I think this is the best way to use Twitter, the healthiest and most productive.

It’s not necessarily the easiest, or the most psychologically rewarding in the short term. Direct engagement with other people… dunking, slamming, burning people who are spreading hate or exposing their willful ignorance… gives so much more of a rush for so much less effort. It feels like you’re really doing something, while actually demanding very little of you.

It’s so much easier that I’ve found myself doing it more and more in the past couple of months, while I was reeling from my mother’s death and recovering from illness.

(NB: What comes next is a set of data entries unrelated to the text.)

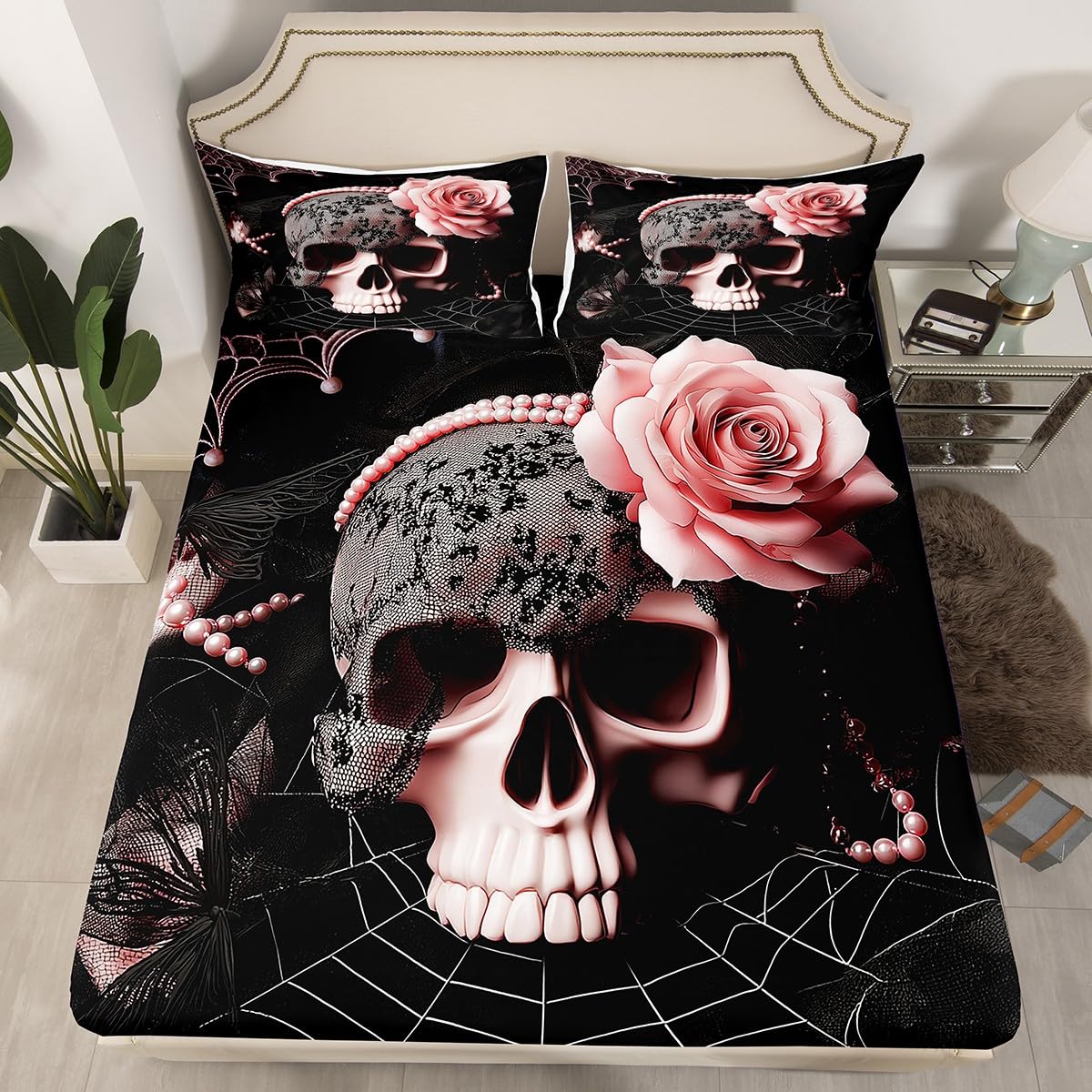 Homewish Juego de ropa de cama con diseño de calavera y rosas rosadas, sábana bajera ajustable para mujeres y hombres, sábanas vintage de flores góticas negras, funda de edredón de telaraña de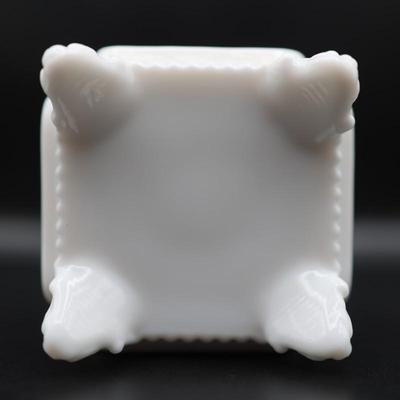 Vintage Westmoreland Milk Glass Trinket Box Square Footed with Roses
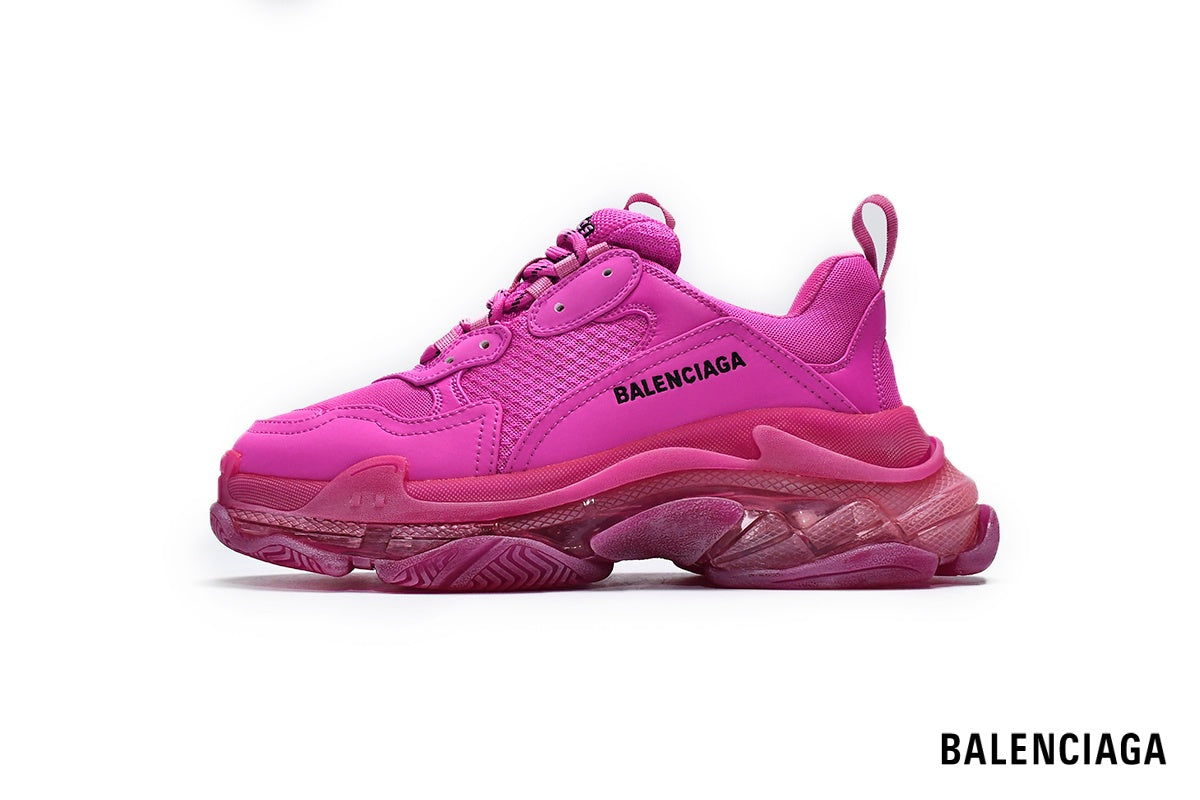 Balenciaga Triple S men's shoes  women sneakers ¨C Fuchsia & Clear Sole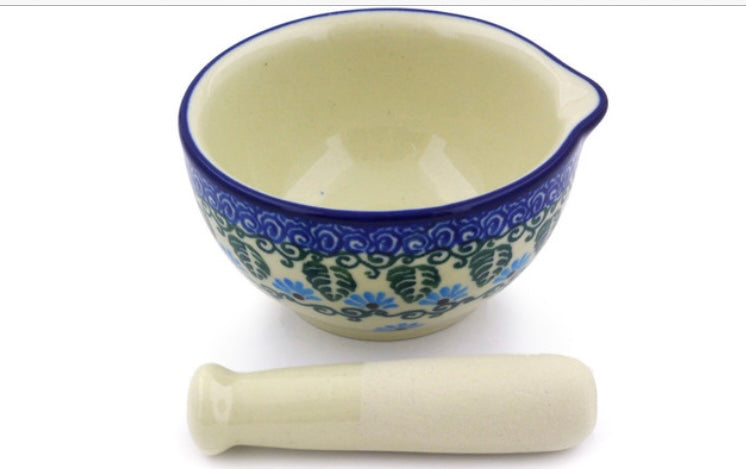 Ceramika Artystyczna Polish Pottery, Unikat Forget Me Not, Small Mortar and Pestle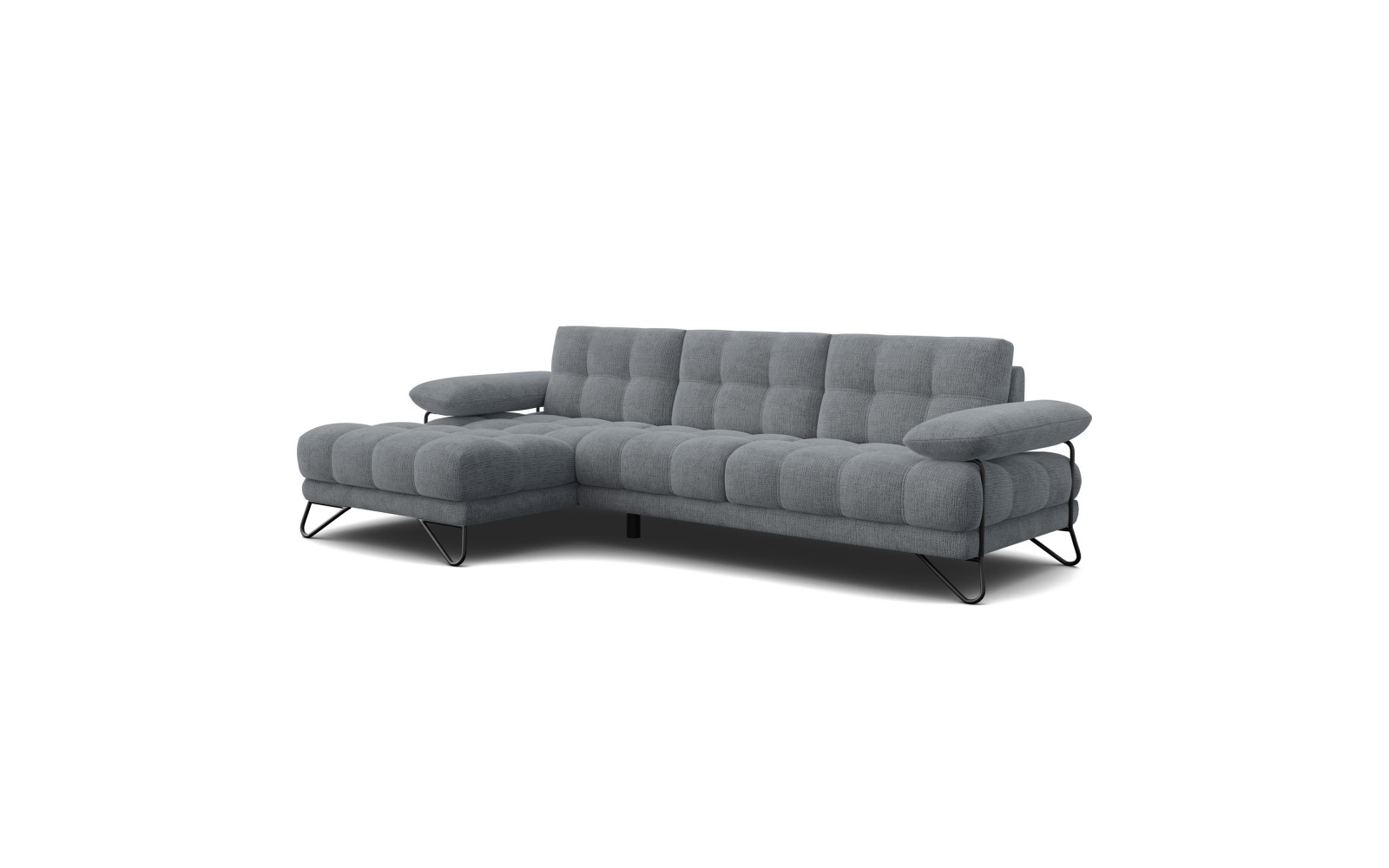 BUBBARA Ecksofa 4-Sitzer links, dunkelgrau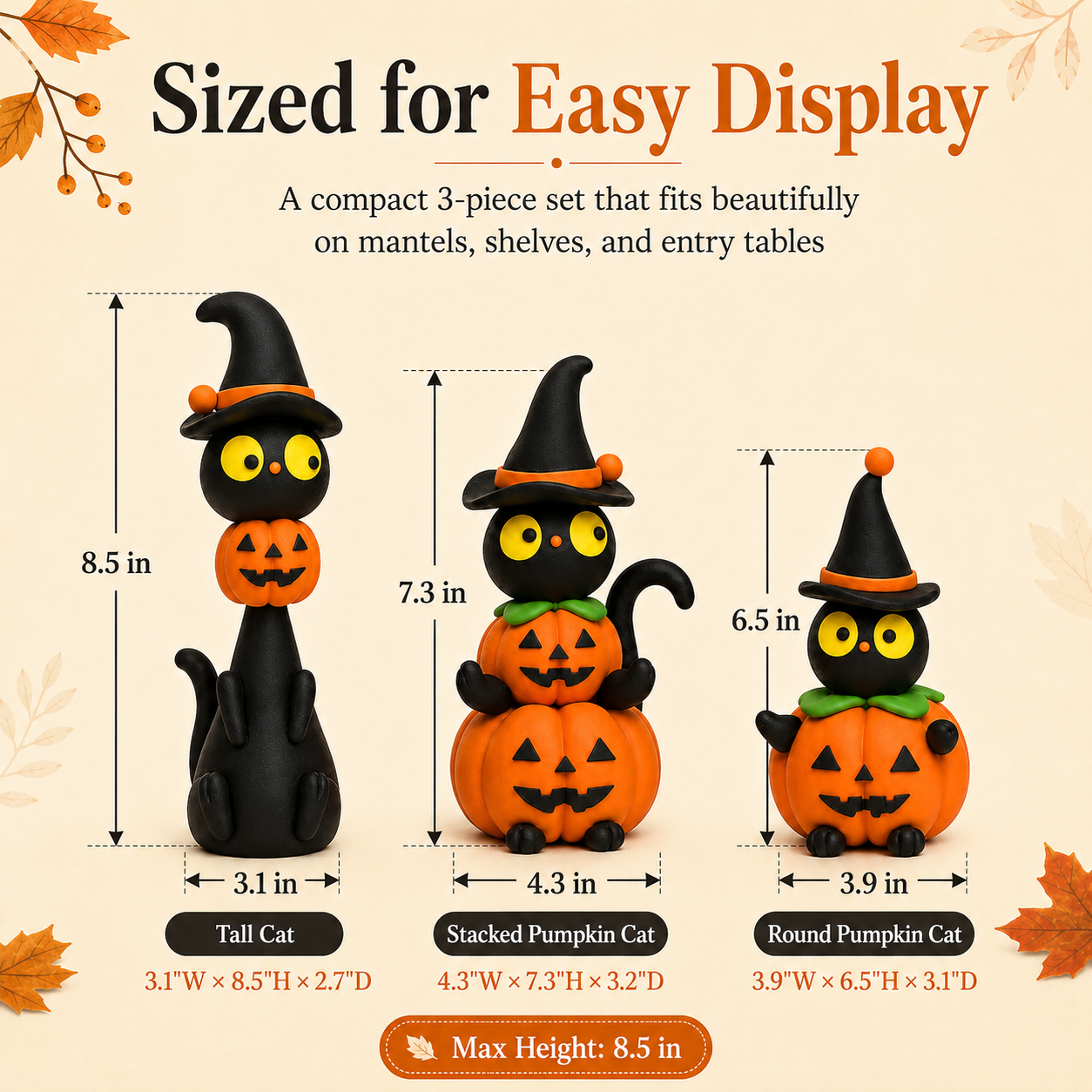 3-Piece Halloween Black Cat & Pumpkin Figurine Set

Meanwhile, the infrastructure of Twitter has changed considerably. Once upon a time, your replies to other people didn’t show up in the general feed of people who follow you. Then, I think they added a thing where you would see replies if you were following both people involved.

Now, I guess as part of Twitter leadership’s plan to help encourage conversation, if I reply to someone like Ben Shapiro or Jordan Peterson or Kellyanne Conway, not only will my tweet show up in my followers’ feeds, but so will the one I’m replying to.

For all these reasons and more, I’ve made the decision to refocus my Twitter account away from that kind of engagement and back onto my own original work. I’m not going to ignore the forces of evil at work on social media; I’m just not going to keep jabbing at them pointlessly.

At this point, I have neither the interest nor need to keep proving I’m clever. It’s time to go back to demonstrating wisdom. It’s less fun in the short term, but healthier and more productive in the long run.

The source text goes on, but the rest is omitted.